HashSet在构造之初,首先初始化了一个HashMap,并利用这个HashMap作为存储数据的容器。前面有介绍过,HashMap是一个键值对容器,节点元素以Node
HashSet关键的方法罗列如下,可以看到,所有的操作都是针对Key进行的。之前定义的PRESENT变量,就是为了填充到HashMap中Node节点的Value部分。
/**
* Returns an iterator over the elements in this set. The elements
* are returned in no particular order.
*
* @return an Iterator over the elements in this set
* @see ConcurrentModificationException
*/
public Iterator iterator() {
return map.keySet().iterator();
}
/**
* Returns the number of elements in this set (its cardinality).
*
* @return the number of elements in this set (its cardinality)
*/
public int size() {
return map.size();
}
/**
* Returns true if this set contains no elements.
*
* @return true if this set contains no elements
*/
public boolean isEmpty() {
return map.isEmpty();
}
/**
* Returns true if this set contains the specified element.
* More formally, returns true if and only if this set
* contains an element e such that
* (o==null ? e==null : o.equals(e)).
*
* @param o element whose presence in this set is to be tested
* @return true if this set contains the specified element
*/
public boolean contains(Object o) {
return map.containsKey(o);
}
/**
* Adds the specified element to this set if it is not already present.
* More formally, adds the specified element e to this set if
* this set contains no element e2 such that
* (e==null ? e2==null : e.equals(e2)).
* If this set already contains the element, the call leaves the set
* unchanged and returns false.
*
* @param e element to be added to this set
* @return true if this set did not already contain the specified
* element
*/
public boolean add(E e) {
return map.put(e, PRESENT)==null;
}
/**
* Removes the specified element from this set if it is present.
* More formally, removes an element e such that
* (o==null ? e==null : o.equals(e)),
* if this set contains such an element.
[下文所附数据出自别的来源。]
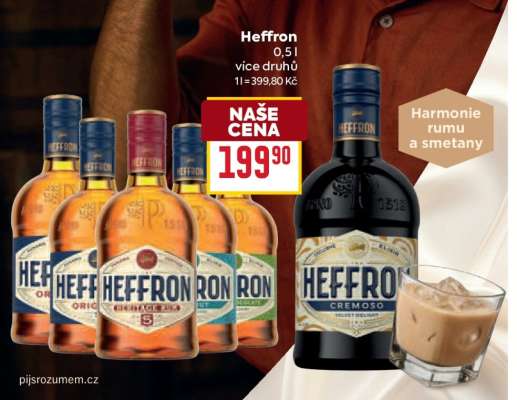 Heffron
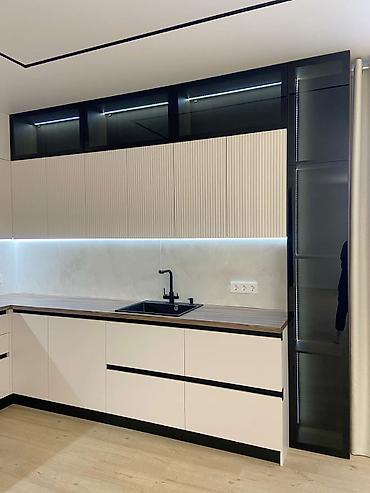 Мебель на заказ: Мебель на заказ, Кухня, Буфетница, Вешалки, Витрина, горка at lalafo.kg — 21 Мебель на заказ: Мебель на заказ, Кухня, Буфетница, Вешалки, Витрина, горка — 21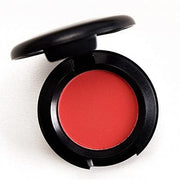 MAC Small Powder Blush News Flash - Maison des fragrances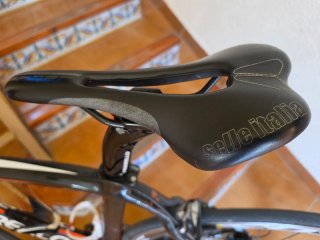 Pinarello Prince Bicicleta de Carretera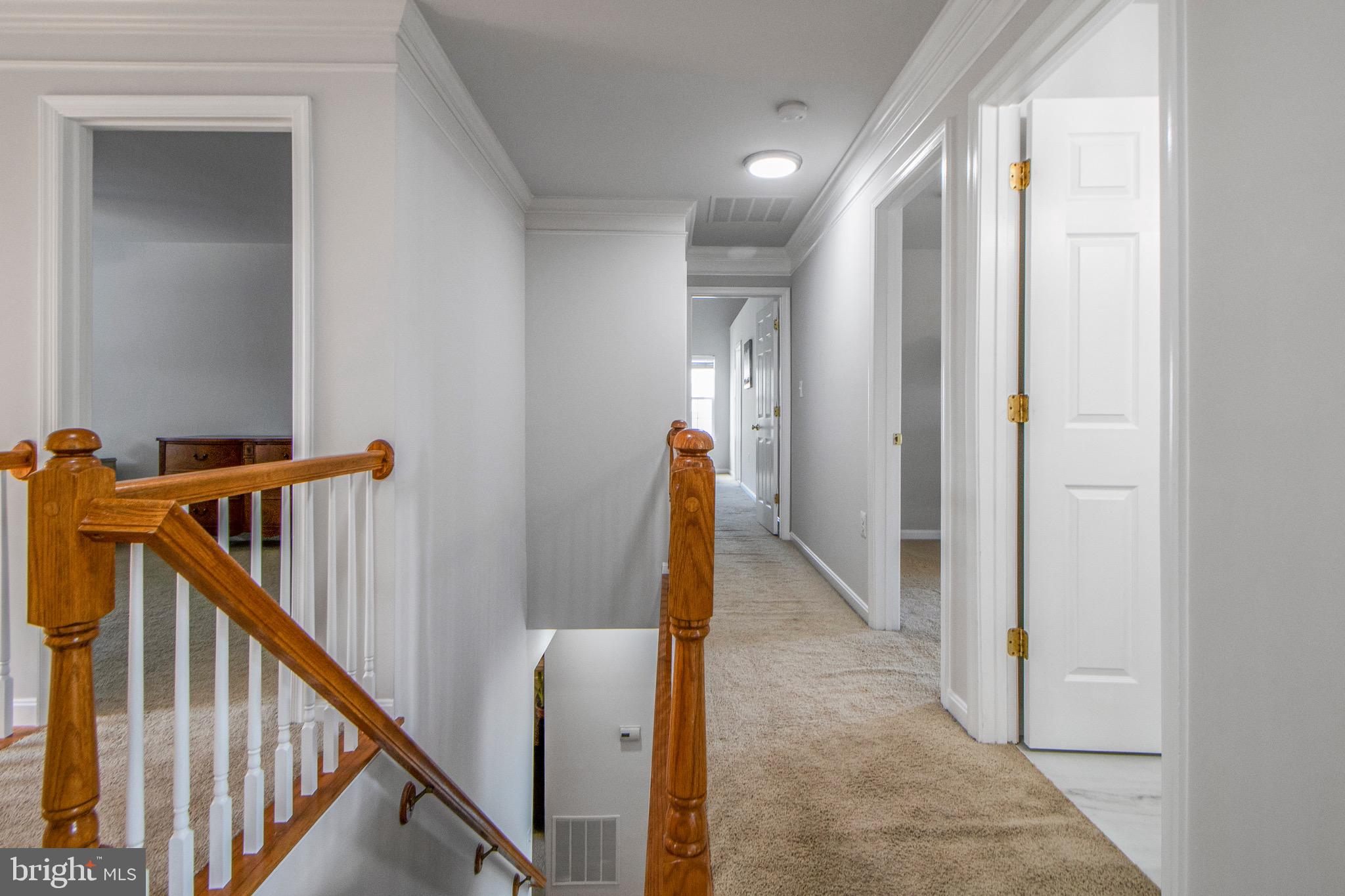 STOWERS - Residential Lease
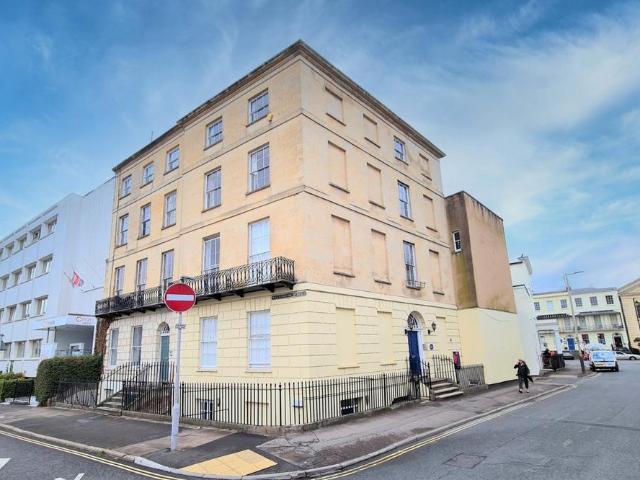 Apartment for rent in Ewens Farm, Golden Valley
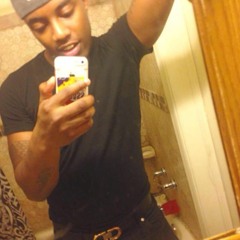 SpeedyOnnaBeat X Dj Glo - Katch Up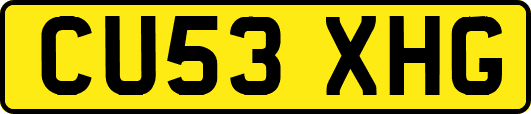 CU53XHG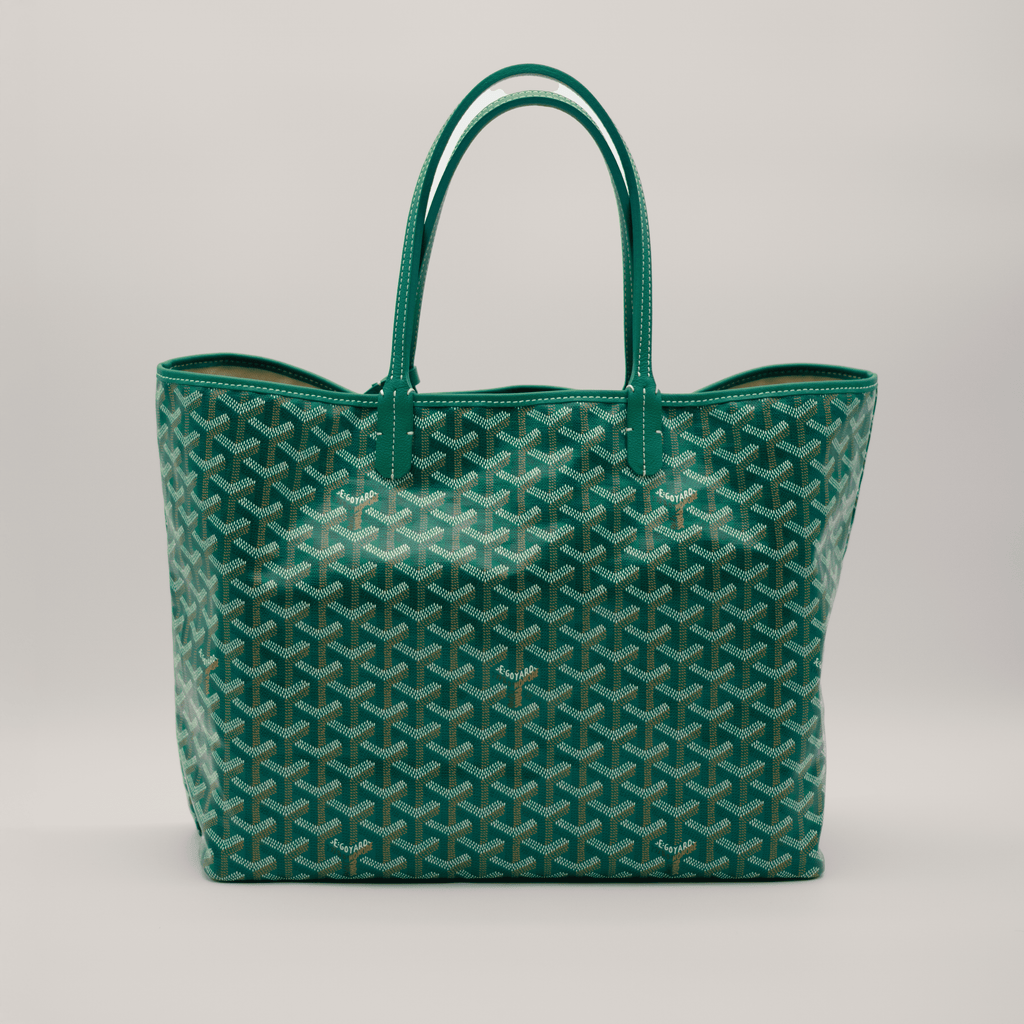 Goyard Saint Louis PM Bag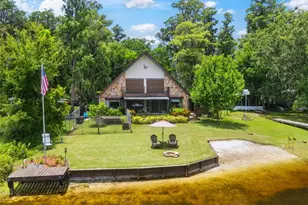 1638 Beachway Ln, Odessa, FL 33556 - Photo 1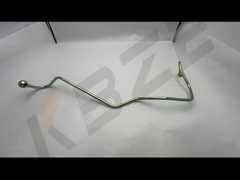 ISUZU 6WG1 EFI 1154168720 1-15416872-0 FILTER TO INJECTION PUMP OIL PIPE FOR ZAX450 ZAX500 ZAX650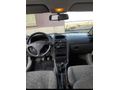 Sahibinden Opel Astra 1.6 GL 2000 Model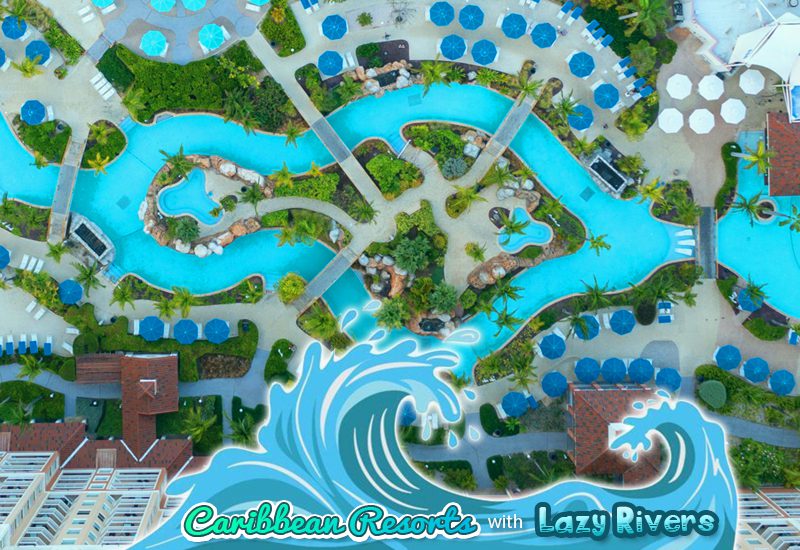 marriott’s aruba surf club getaway ideas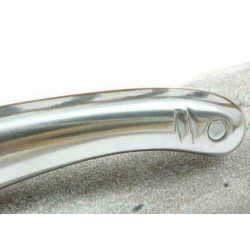 Gift set of 6 fourchettes of table | Chez l'aveyronnais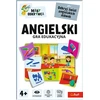Trefl Edukacinė Dėlionė Mažasis Atradytojas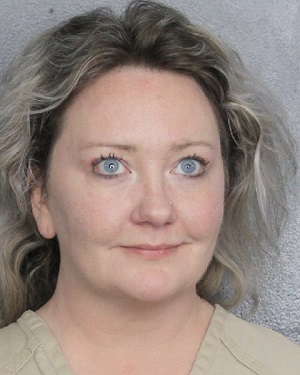 JACLYN DOSKOCZ  Info, Photos, Data, and More / JACLYN DOSKOCZ  TriCountyBusts / Is JACLYN DOSKOCZ  on Social Media Like Facebook, Instagram abd Twitter?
Returns true if
* this set contained the element (or equivalently, if this set
* changed as a result of the call). (This set will not contain the
* element once the call returns.)
*
* @param o object to be removed from this set, if present
* @return true if the set contained the specified element
*/
public boolean remove(Object o) {
return map.remove(o)==PRESENT;
}
/**
* Removes all of the elements from this set.
* The set will be empty after this call returns.
*/
public void clear() {
map.clear();
}
HashSet不需要重新实现这些函数,都直接借用HashMap的就好。包装在外层的HashSet实质上是一个代理,具体的操作都交由内部构造的HashMap实例实现。通过这样的方式,可以更加方便高效地实现HashSet这种数据结构,也避免了以几乎同样方式再实现HashSet的冗余。
HashSet是一种支持快速操作的数据结构,理想情况下对HashSet的操作可达到常量级别,是存储不重复元素的常用集合。HashSet本身不是线程安全的,在多线程环境下使用可能出现并发访问问题,要在多线程环境下使用Set可以尝试使用ConcurrentHashMap构造一个类似的ConcurrentHashSet来实现。